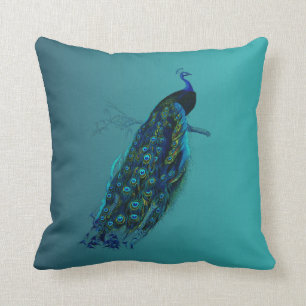 Vintage Peacock Cushion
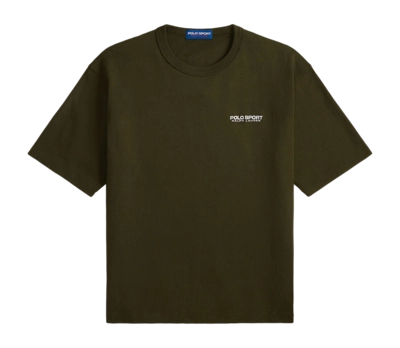 T-Shirt Ralph Lauren Men Relaxed Fit Polo Sport Jersey Company Olive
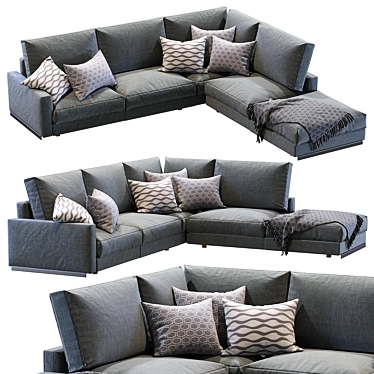 Arflex Rendezvous Sofa: Contemporary Elegance in Every Detail 3D model image 1 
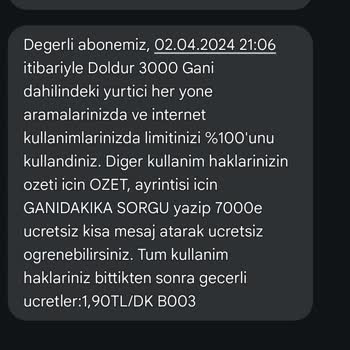 Vodafone Paket Süresi Sorunu Ve Müşteri Hizmetleri Şikayeti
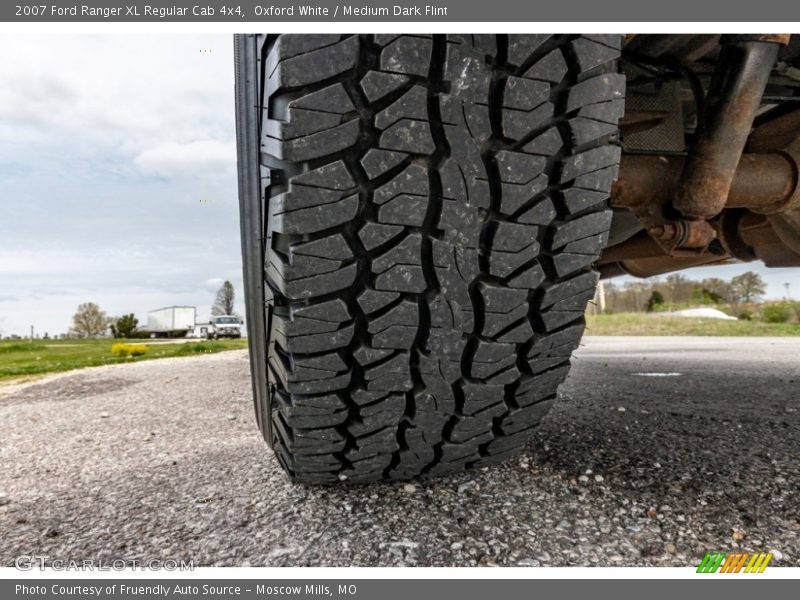 Oxford White / Medium Dark Flint 2007 Ford Ranger XL Regular Cab 4x4
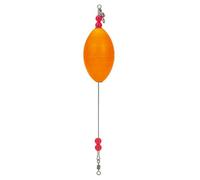 Zymoplas Waterproof Drifting Fishing Rod Foam Anti-collision Lightweight Glowing Drifts Alarm Buoy Popping Cork Marker Freshwater, Orange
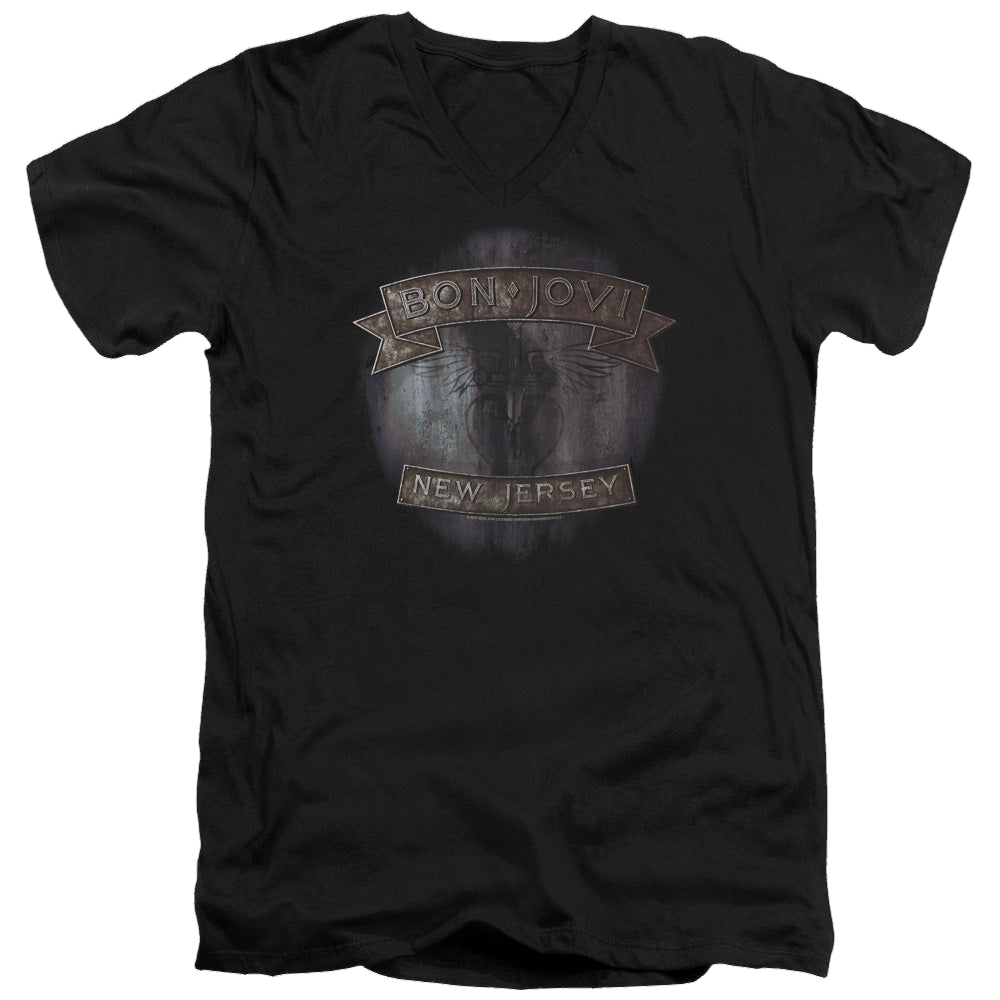 Bon Jovi New Jersey - Men's V-Neck T-Shirt Men's V-Neck T-Shirt Bon Jovi
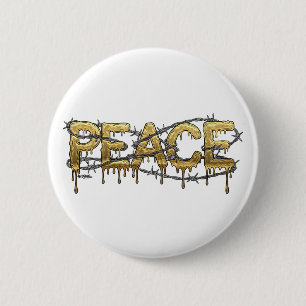 Badge Rond 5 Cm Paix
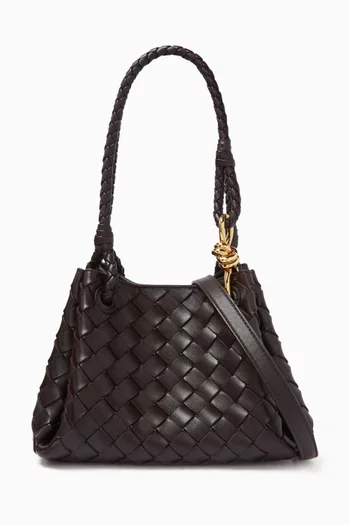 حقيبة باراشوت أنديامو صغيرة جلد مجدول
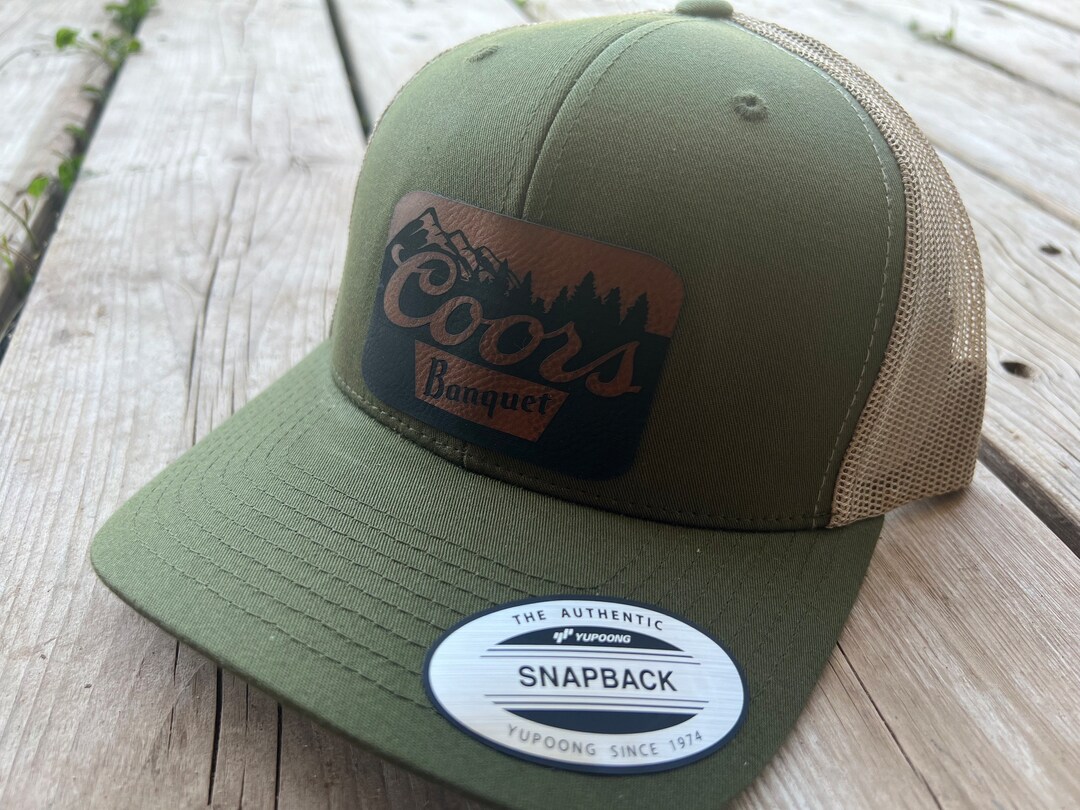 Coors Banquet Beer Patch Hat Trucker Hat Etsy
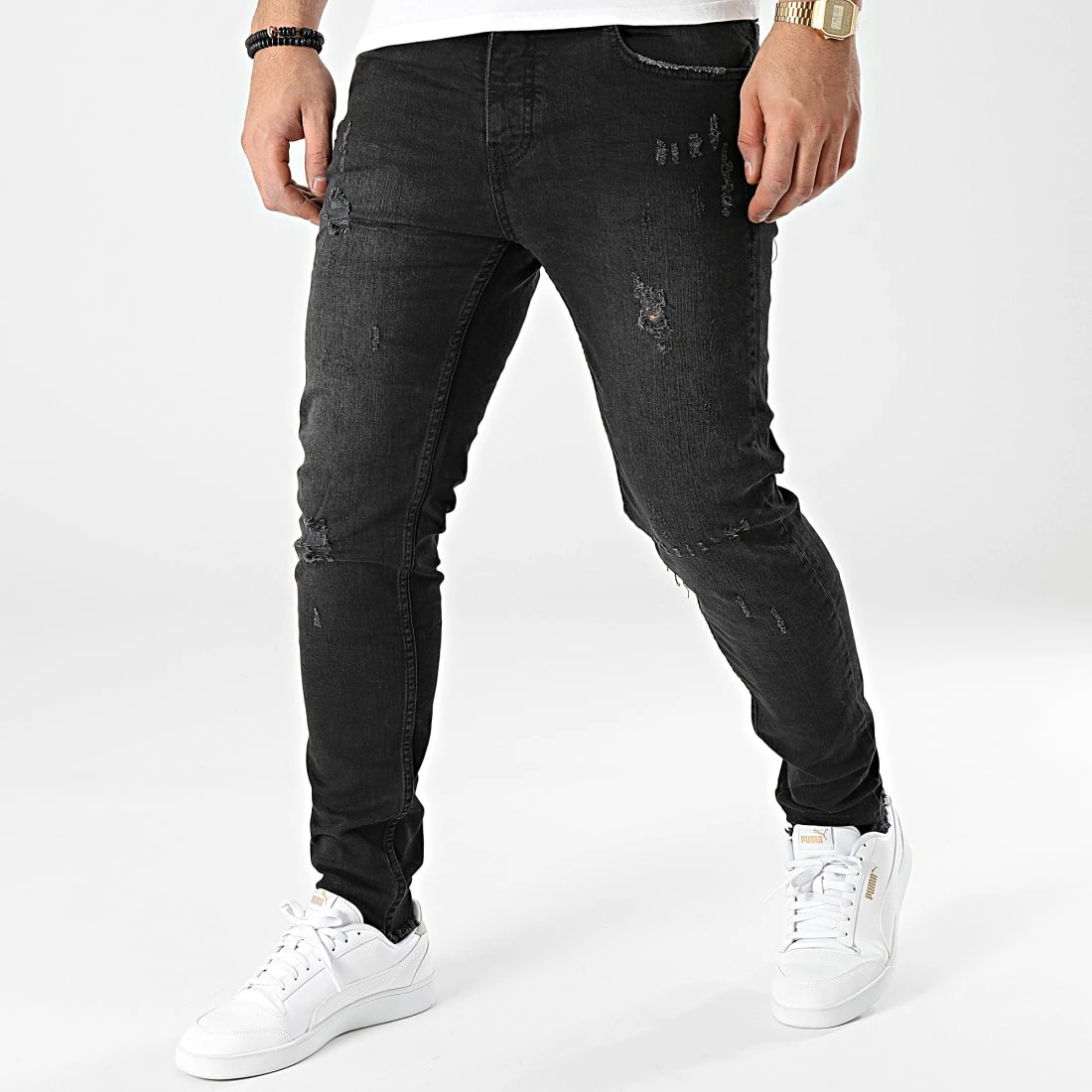 Nouveau 🌟 Jean Slim B6223 Noir de 2Y Premium 😍 3 Nouveau 🌟 Jean Slim B6223 Noir de 2Y Premium 😍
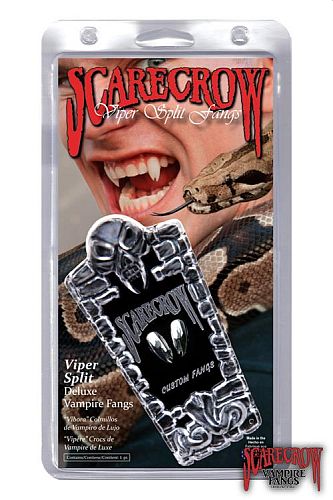Vampyr Viper Chrome Tænder til Rollespil - Epic Armoury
——
Activity | Every record gets retyped exactly; no picture goes into the copy.

Task result |
 Vintage Peacock Cushion
 T-Shirt Ralph Lauren Men Relaxed Fit Polo Sport Jersey Company Olive
 Arflex Rendezvous Sofa: Contemporary Elegance in Every Detail 3D model image 1 
 Vodafone Paket Süresi Sorunu Ve Müşteri Hizmetleri Şikayeti
 Oxford White / Medium Dark Flint 2007 Ford Ranger XL Regular Cab 4x4
 Zymoplas Waterproof Drifting Fishing Rod Foam Anti-collision Lightweight Glowing Drifts Alarm Buoy Popping Cork Marker Freshwater, Orange
 Bon Jovi New Jersey - Men's V-Neck T-Shirt Men's V-Neck T-Shirt Bon Jovi
 Badge Rond 5 Cm Paix
 حقيبة باراشوت أنديامو صغيرة جلد مجدول
 Coors Banquet Beer Patch Hat Trucker Hat Etsy
 Nouveau 🌟 Jean Slim B6223 Noir de 2Y Premium 😍 3 Nouveau 🌟 Jean Slim B6223 Noir de 2Y Premium 😍
Vampyr Viper Chrome Tænder til Rollespil - Epic Armoury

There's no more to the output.